● WHAT YOU WILL DO
Within the records below is a range that opens at the line with "Rico Industries NCAA" and closes at the line with "Portrait d'une Perruche à collier verte.". Return that range word for word, both ends included, and only that range.

Segment Start: DATA

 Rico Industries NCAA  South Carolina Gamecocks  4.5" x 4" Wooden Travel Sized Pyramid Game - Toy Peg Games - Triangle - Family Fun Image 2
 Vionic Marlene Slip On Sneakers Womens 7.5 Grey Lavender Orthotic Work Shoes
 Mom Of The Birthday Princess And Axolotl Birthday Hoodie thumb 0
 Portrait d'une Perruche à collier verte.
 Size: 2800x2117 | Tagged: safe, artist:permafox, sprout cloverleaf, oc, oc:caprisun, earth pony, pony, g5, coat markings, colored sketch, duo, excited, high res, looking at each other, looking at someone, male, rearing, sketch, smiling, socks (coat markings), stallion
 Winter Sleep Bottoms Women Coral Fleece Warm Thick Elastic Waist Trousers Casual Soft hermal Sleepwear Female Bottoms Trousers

Segment End: DATA
Segment Start: DATA

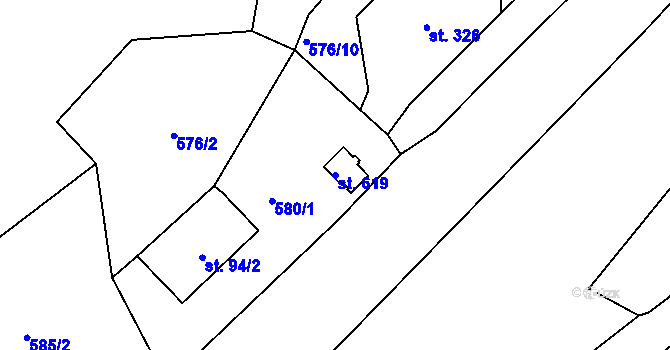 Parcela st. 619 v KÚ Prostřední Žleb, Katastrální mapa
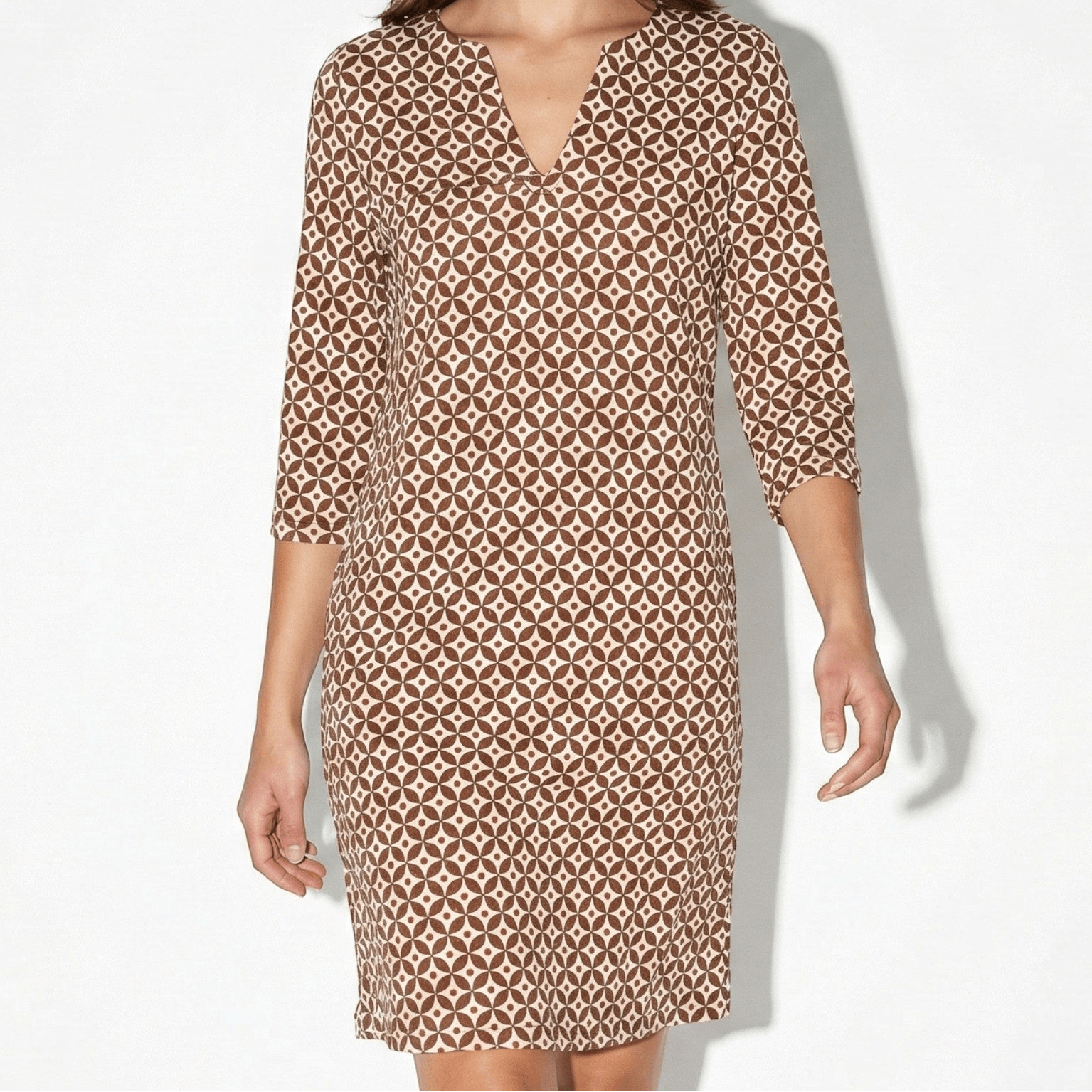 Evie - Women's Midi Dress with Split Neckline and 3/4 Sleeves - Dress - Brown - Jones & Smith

Segment End: DATA

● RESPONSE AREA
 Rico Industries NCAA  South Carolina Gamecocks  4.5" x 4" Wooden Travel Sized Pyramid Game - Toy Peg Games - Triangle - Family Fun Image 2
 Vionic Marlene Slip On Sneakers Womens 7.5 Grey Lavender Orthotic Work Shoes
 Mom Of The Birthday Princess And Axolotl Birthday Hoodie thumb 0
 Portrait d'une Perruche à collier verte.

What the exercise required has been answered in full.